Charles Baudelaire osservò nel 1855: «Chiedete a qualsiasi buon francese cosa intende per progresso, vi dirà che è vapore, elettricità e illuminazione a gas». Oggi, si potrebbe dire che ciò che intendiamo per evoluzione è internet , le interfacce mente-macchina e le biotecnologie. Questi sono stati i primi stimoli per gli inventori del XX e del XXI secolo nella creazione di strumenti immaginari. Pat Cadigan, per esempio, nel romanzo Sintetizzatori umani (Synners, 1991), ipotizza che nel futuro, attraverso delle prese a otto buchi innestate direttamente nel cervello, sarà possibile produrre dei filmati, veri videoclip, che altro non sono che l’espressione diretta dell’attività onirica. Quindi il futuro diventa un periodo fertile dove far nascere e creare strumenti immaginari così come lo era stato, agli albori, per le terre straniere come nel caso della Nuova Atlantide.

Il romanzo che più di ogni altro farà da apripista per questa svolta fantascientifica nella storia in queste creazioni di finzione è L’an 2440, del 1771,di Louis-Sébastien Mercier. Anche qui, come in Bacon, un estraneo incontra una società la ricerca sperimentale viene intrapresa a beneficio dell’umanità: nel campo dell’acustica, per esempio, un dispositivo fatto di molle è in grado di imitare ogni tipo di suono, ed è usato per dissuadere un re dall’andare in guerra lasciandogli intendere gli orrori e il dolore che causerebbe. Ma se le case sonore si trovano in una terra straniera contemporanea, le sorgenti di Mercier esistono nella città natale dell’autore, settecento anni nel futuro ( la Parigi nel 2440). Il romanzo, generalmente considerato il primo esempio significativo di finzione ambientata avanti nel tempo, ispirò prontamente altre visioni futurologiche, come la fantastica immagine di un palloncino postale del XV secolo.

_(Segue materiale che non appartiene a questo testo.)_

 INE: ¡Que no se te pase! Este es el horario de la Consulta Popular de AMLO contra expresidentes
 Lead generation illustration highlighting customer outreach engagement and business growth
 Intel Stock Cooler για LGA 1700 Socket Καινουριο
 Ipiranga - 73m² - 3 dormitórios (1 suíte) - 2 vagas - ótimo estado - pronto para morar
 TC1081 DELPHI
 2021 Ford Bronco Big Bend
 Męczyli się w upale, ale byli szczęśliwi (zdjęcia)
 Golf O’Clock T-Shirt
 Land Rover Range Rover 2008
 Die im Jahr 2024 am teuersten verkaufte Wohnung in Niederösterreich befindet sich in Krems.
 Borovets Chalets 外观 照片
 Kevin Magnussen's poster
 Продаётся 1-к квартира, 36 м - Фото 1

Tutte queste creazioni possono sembrare bizzarre, incredibili, inutili persino, ma fanno pensare come la fantasia umana sia davvero un universo senza nessun limite, capace a volte di anticipare i tempi o portare alla luce utopie di un mondo alternativo, magari uno di quelli dove un museo di strumenti immaginari raccoglie davvero un organo con gatti miagolanti o una mongolfiera volante.